斎藤氏への証人尋問は先月30日に次いで2回目。百条委での審議を踏まえ、各会派は斎藤氏への不信任決議案を含めた検討を本格化させる。立憲民主党などの県議による「ひょうご県民連合」は9月議会に不信任案を提出する方針。県民連合と最大会派の自民党県議団は12日に斎藤氏に辞職を求める申し入れを行う。日本維新の会は来週にも方針を決める。

職員は3月中旬、告発文書を報道機関などに配布。4月4日には同様の内容を県の公益通報窓口に通報した。

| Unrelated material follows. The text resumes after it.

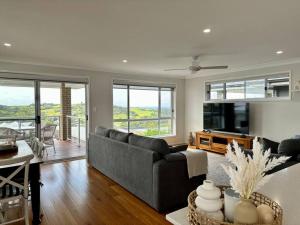 a living room with a couch and a table at Hillston House in Kiama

しかし、県は職員を保護対象とせず、5月7日に停職3カ月の懲戒処分とした。

斎藤氏に先立ち、参考人として出席した消費者庁公益通報者保護制度検討会委員を務める弁護士の山口利昭氏は、3月中旬に職員が文書を配布した時点で「公益通報者保護法上の外部通報に当たる」と述べた。

また、公益通報者として保護する前に真実かどうかの調査を行うことは「普通はない」と指摘。告発が不正を目的としていない限り、県は職員が不利益な取り扱いを受けないための措置を講じる義務があり、「今も違法状態が続いている」と述べた。

これに対し、斎藤氏は告発内容がうわさ話を集めていることなどを理由に「真実相当性がない」と主張。懲戒処分について職員が「公益通報の調査結果を待つべきだ」と進言したと証言したことには、「進言を受けた記憶はない」「手続きを取っ払って処分を早くしろとは言っていない」と述べた。百条委は今後、消費者庁に県の対応に違法性がないか見解を求める考え。

一方、贈答品を巡り、斎藤氏はカキ、カニ、ワイン、日本酒やスポーツウエアなどを受け取ったことを認めたが、ゴルフセットの受け取りは否定した。職員へのパワハラ疑惑については「私としては業務上の範囲だった」と釈明した。